(Records from a data collection)

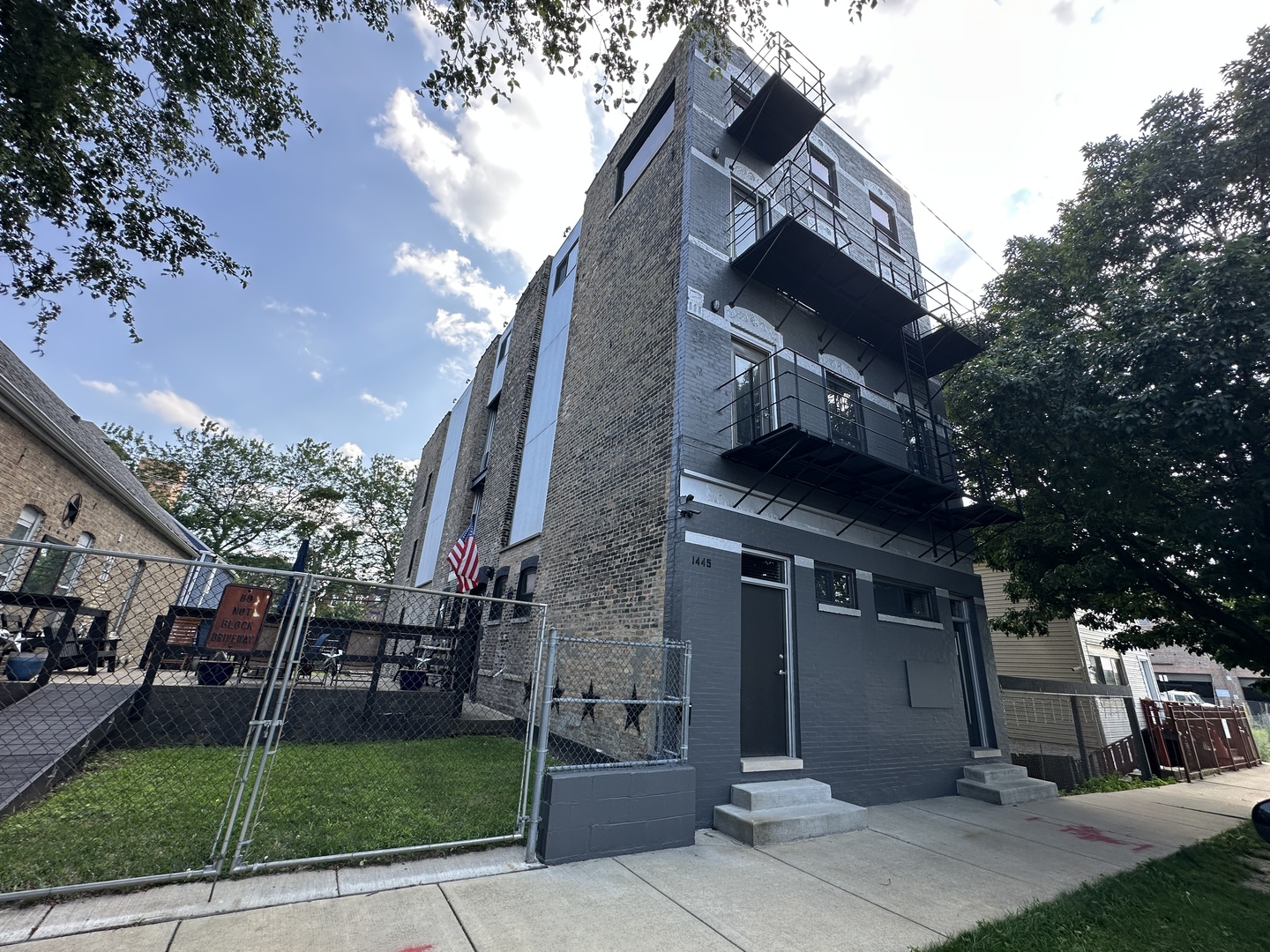 1445 W 16th Street
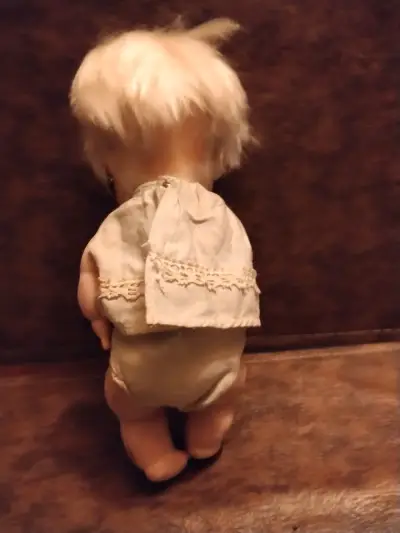 Muñeca vintage de colección con vestido - miniatura 2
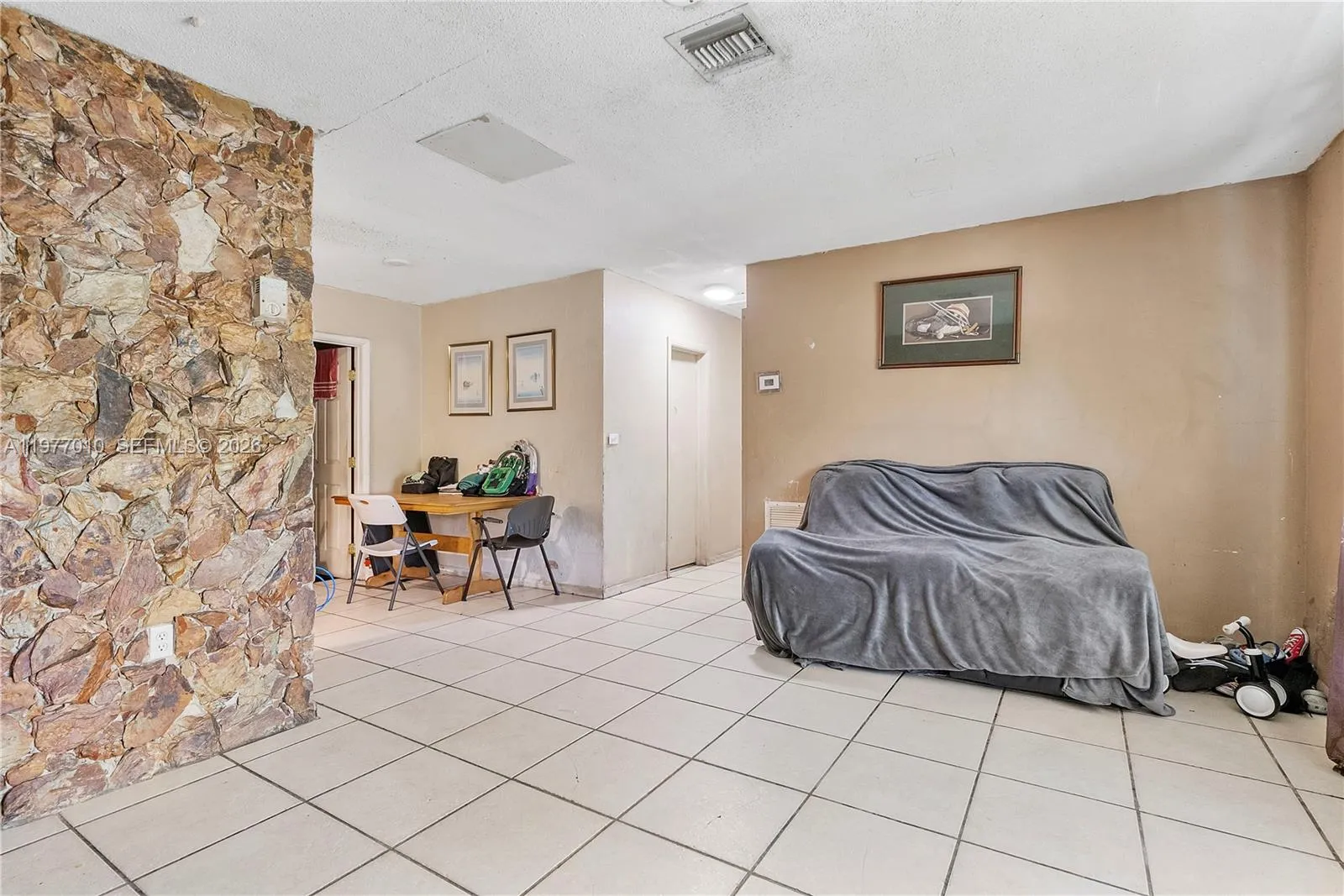 800 NW 33rd Ave, Lauderhill FL 33311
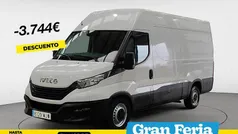 Blanco Usado 2023 Iveco Daily Berlina | 28.100 € (Precio justo)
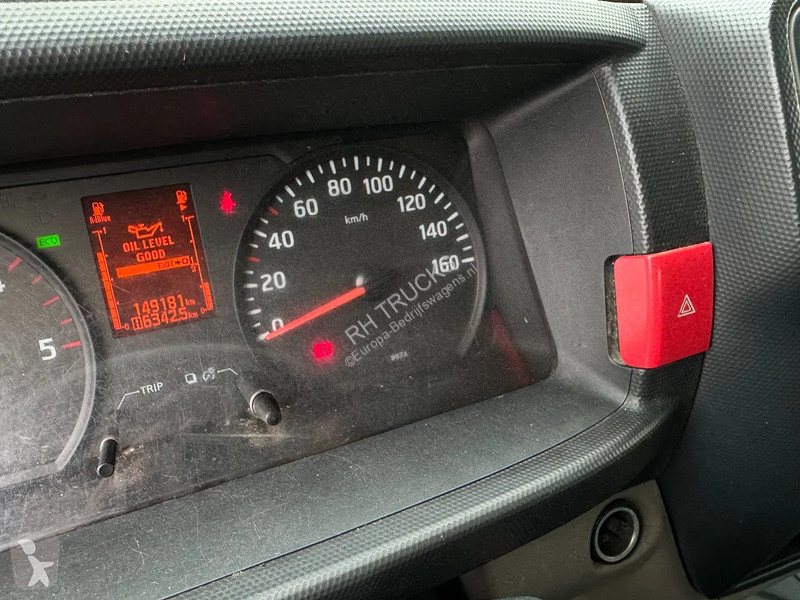 Véhicule utilitaire Nissan UNIT CABSTAR 35.13 +...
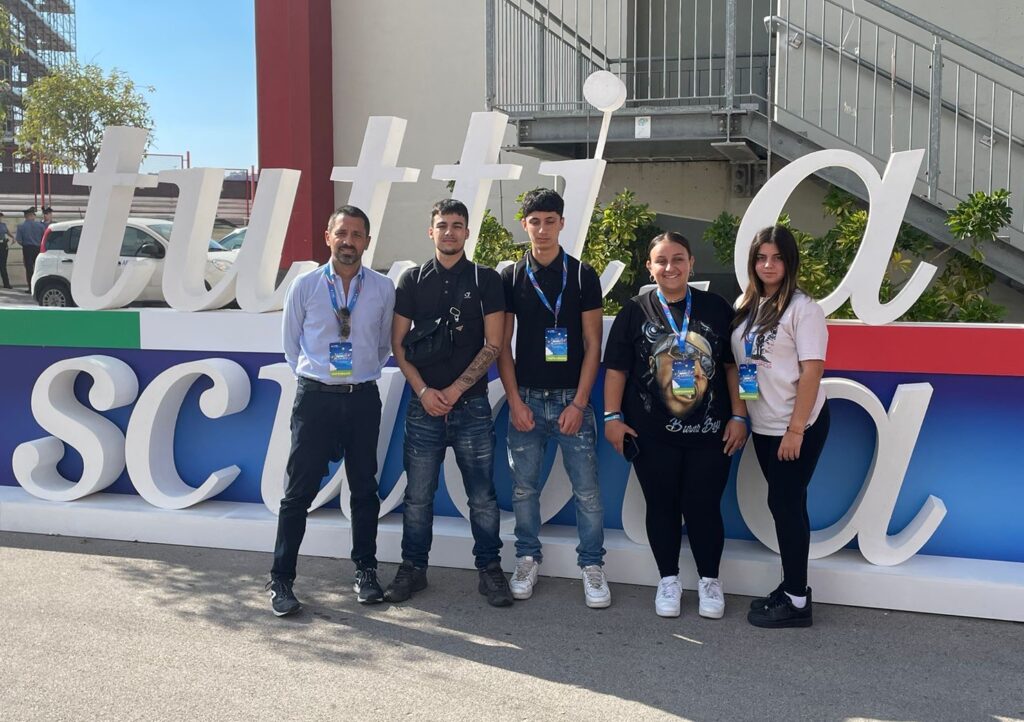 Studenti del Varnelli a "Tutti a scuola": Cloe Lucato, Nicola Filippi, Nicola Leonardi e Naima Hudna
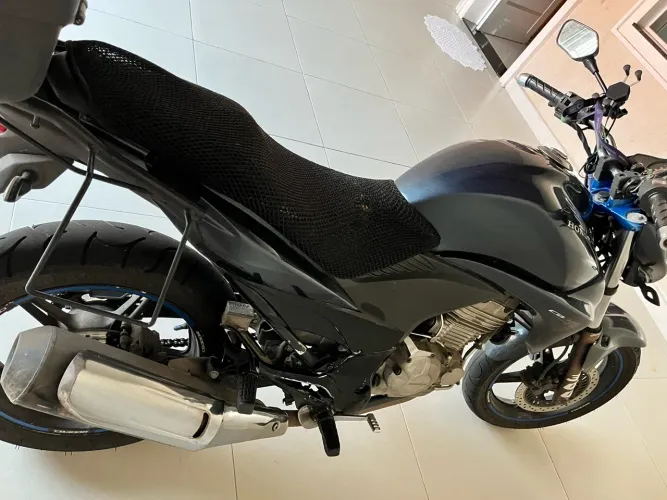 Cb300 edição especial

| TASK DETAILS |
Give the lines above again exactly, from the one containing "Muñeca vintage de" to the one containing "Véhicule utilitaire Nissan", both included, but leave out the pictures.

| YOUR SOLUTION |
 Muñeca vintage de colección con vestido - miniatura 2
 800 NW 33rd Ave, Lauderhill FL 33311
 Blanco Usado 2023 Iveco Daily Berlina | 28.100 € (Precio justo)
 Véhicule utilitaire Nissan UNIT CABSTAR 35.13 +...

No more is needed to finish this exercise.